*INSTRUCTIONS TO FOLLOW*
Exact copy, pictures excluded: write out every line below.

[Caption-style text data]
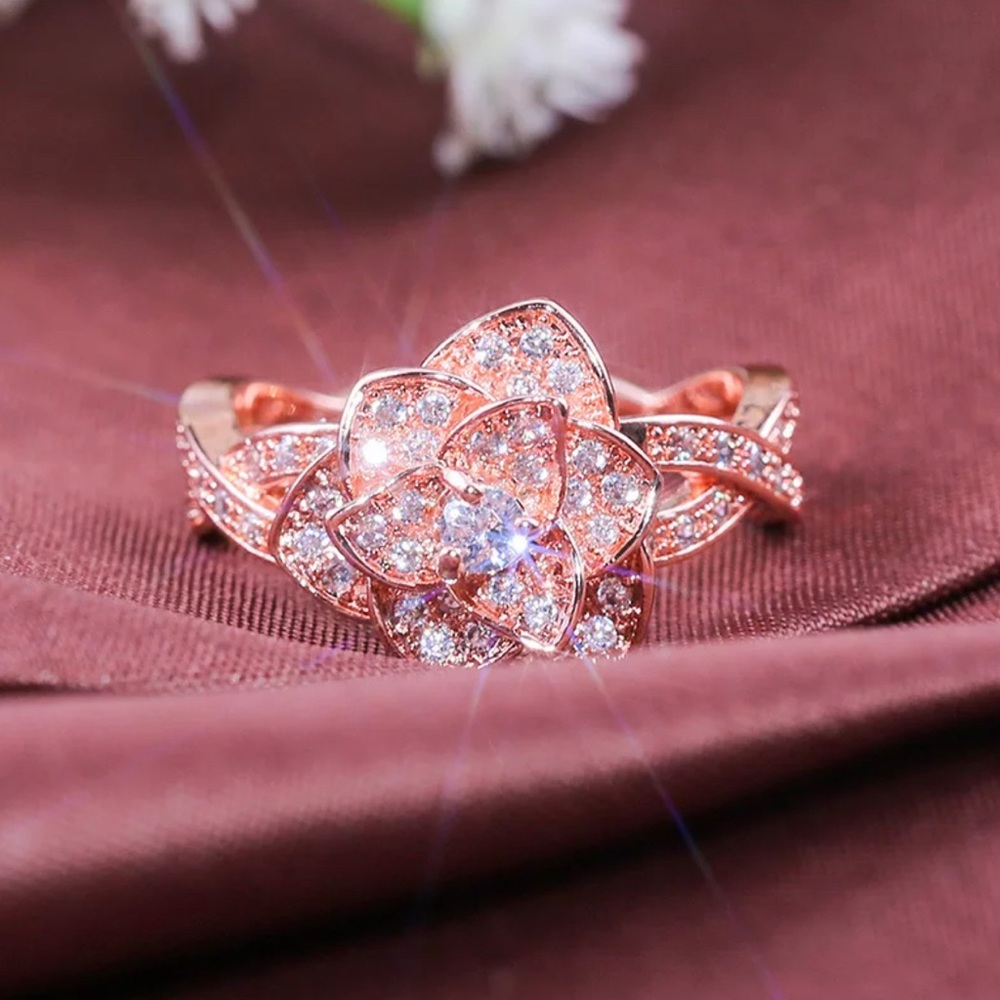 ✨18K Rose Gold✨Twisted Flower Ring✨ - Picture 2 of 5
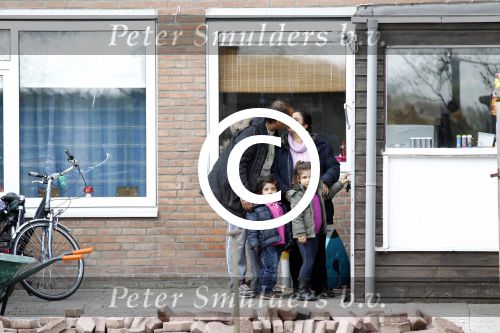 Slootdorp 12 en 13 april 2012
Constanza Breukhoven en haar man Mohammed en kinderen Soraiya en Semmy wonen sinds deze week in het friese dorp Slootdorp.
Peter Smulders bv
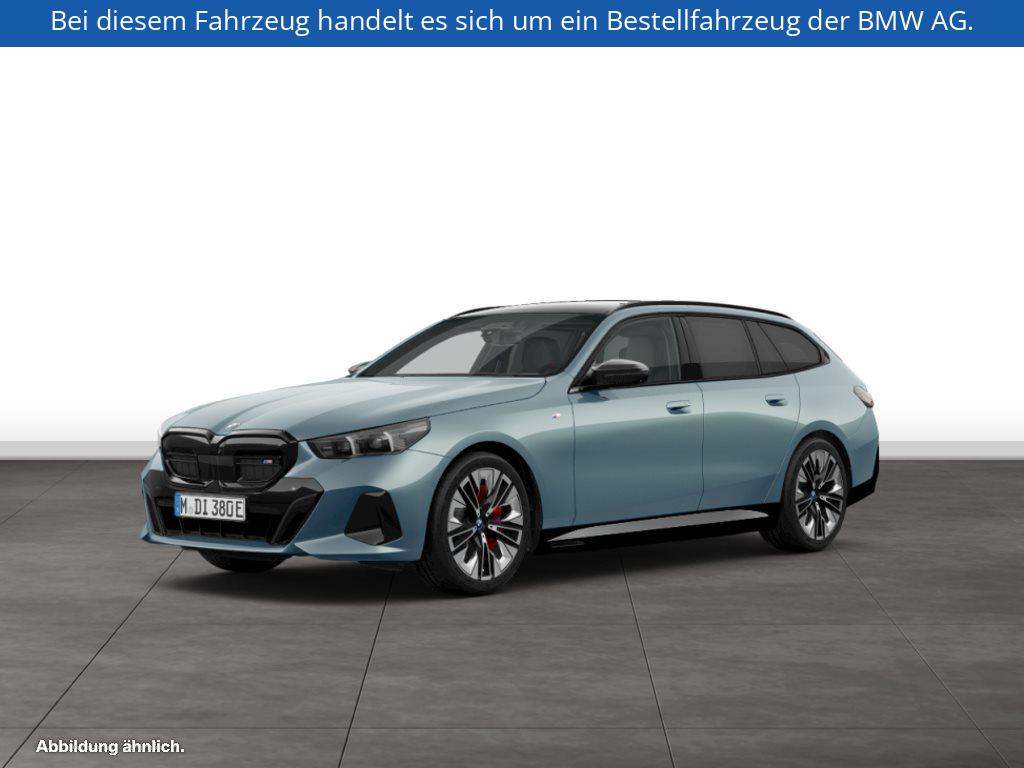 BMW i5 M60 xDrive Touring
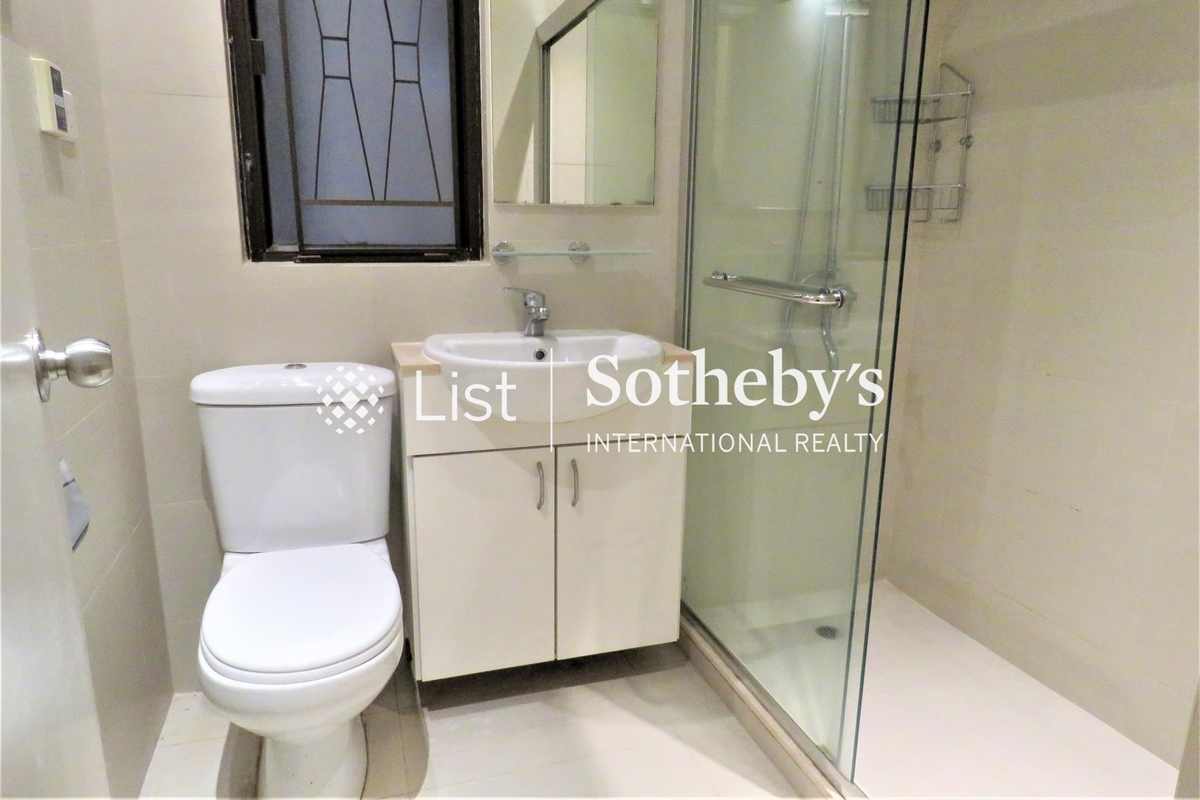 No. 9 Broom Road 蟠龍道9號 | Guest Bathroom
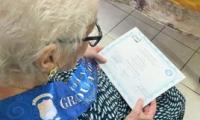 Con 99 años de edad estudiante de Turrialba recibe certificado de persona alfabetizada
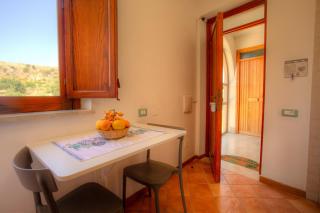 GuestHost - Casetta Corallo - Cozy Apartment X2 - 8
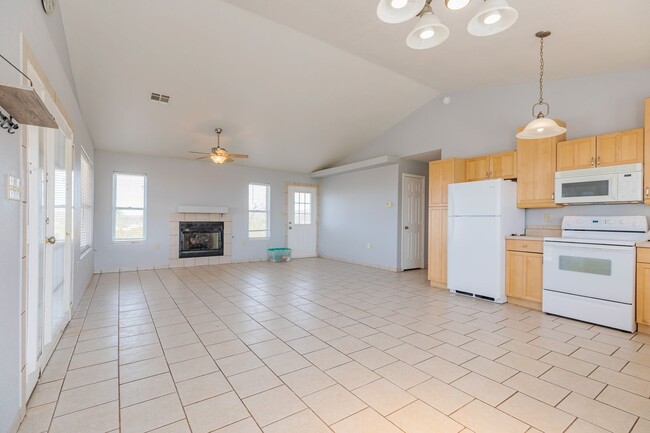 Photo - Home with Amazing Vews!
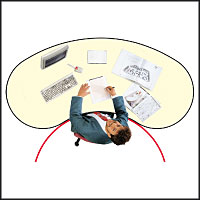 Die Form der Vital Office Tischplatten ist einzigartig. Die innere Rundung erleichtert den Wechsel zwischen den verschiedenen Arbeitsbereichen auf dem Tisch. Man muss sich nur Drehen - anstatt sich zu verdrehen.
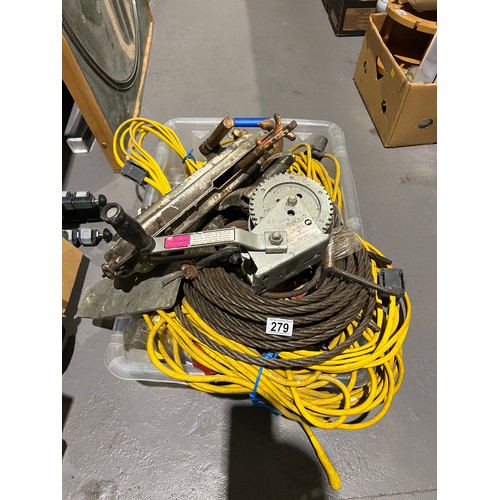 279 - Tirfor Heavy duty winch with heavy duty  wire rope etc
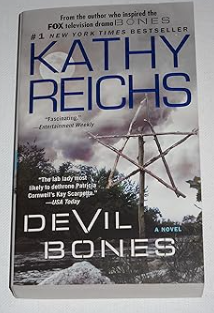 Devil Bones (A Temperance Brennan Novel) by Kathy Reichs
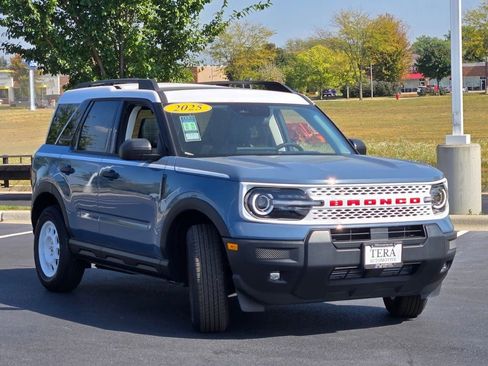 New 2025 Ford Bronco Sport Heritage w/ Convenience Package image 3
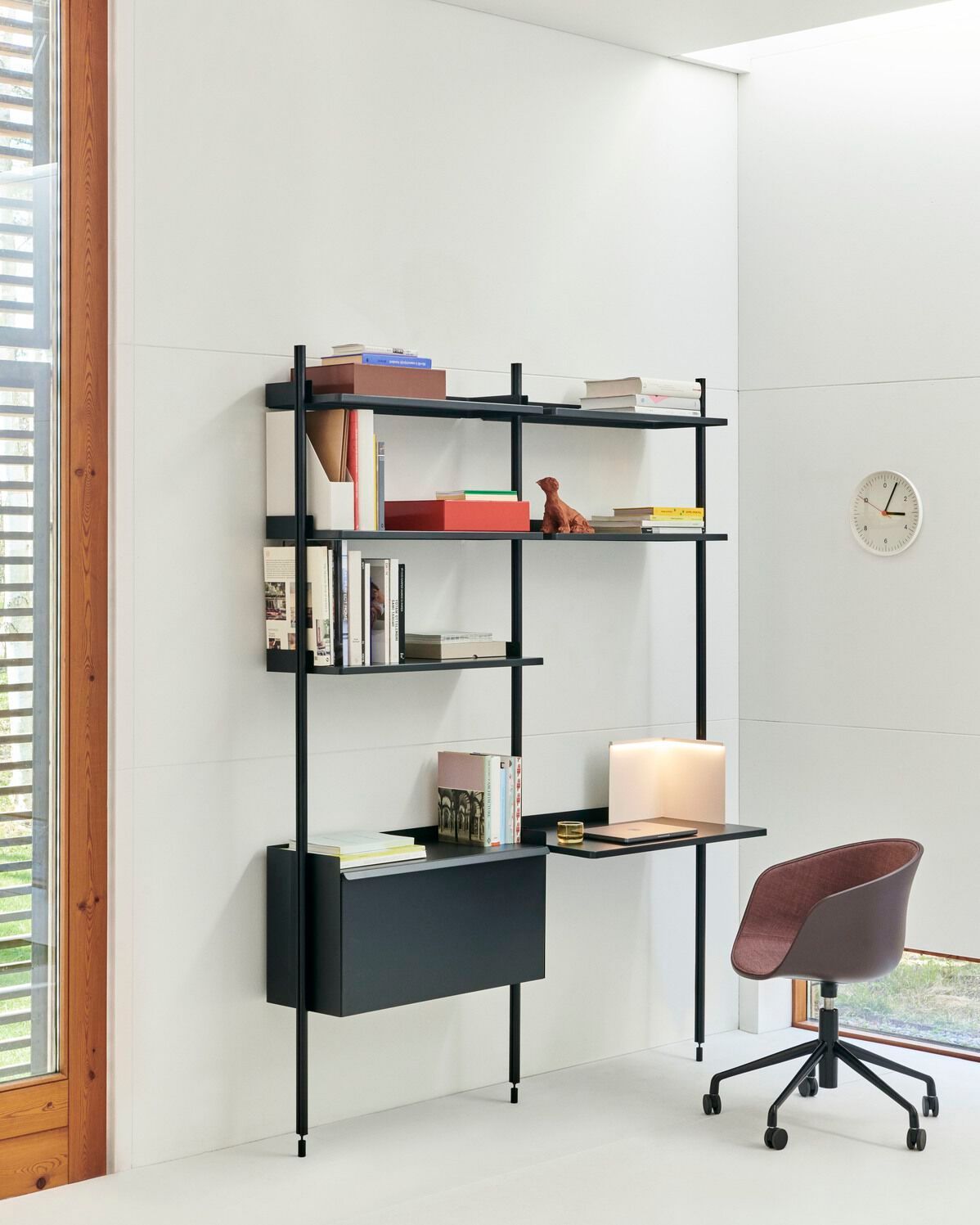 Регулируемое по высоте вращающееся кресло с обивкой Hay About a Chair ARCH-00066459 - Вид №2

*ANSWER*
 ✨18K Rose Gold✨Twisted Flower Ring✨ - Picture 2 of 5
 Slootdorp 12 en 13 april 2012
Constanza Breukhoven en haar man Mohammed en kinderen Soraiya en Semmy wonen sinds deze week in het friese dorp Slootdorp.
Peter Smulders bv
 BMW i5 M60 xDrive Touring
 No. 9 Broom Road 蟠龍道9號 | Guest Bathroom
 Con 99 años de edad estudiante de Turrialba recibe certificado de persona alfabetizada
 GuestHost - Casetta Corallo - Cozy Apartment X2 - 8
 Photo - Home with Amazing Vews!
 Die Form der Vital Office Tischplatten ist einzigartig. Die innere Rundung erleichtert den Wechsel zwischen den verschiedenen Arbeitsbereichen auf dem Tisch. Man muss sich nur Drehen - anstatt sich zu verdrehen.
 279 - Tirfor Heavy duty winch with heavy duty  wire rope etc
 Devil Bones (A Temperance Brennan Novel) by Kathy Reichs
 New 2025 Ford Bronco Sport Heritage w/ Convenience Package image 3
 Регулируемое по высоте вращающееся кресло с обивкой Hay About a Chair ARCH-00066459 - Вид №2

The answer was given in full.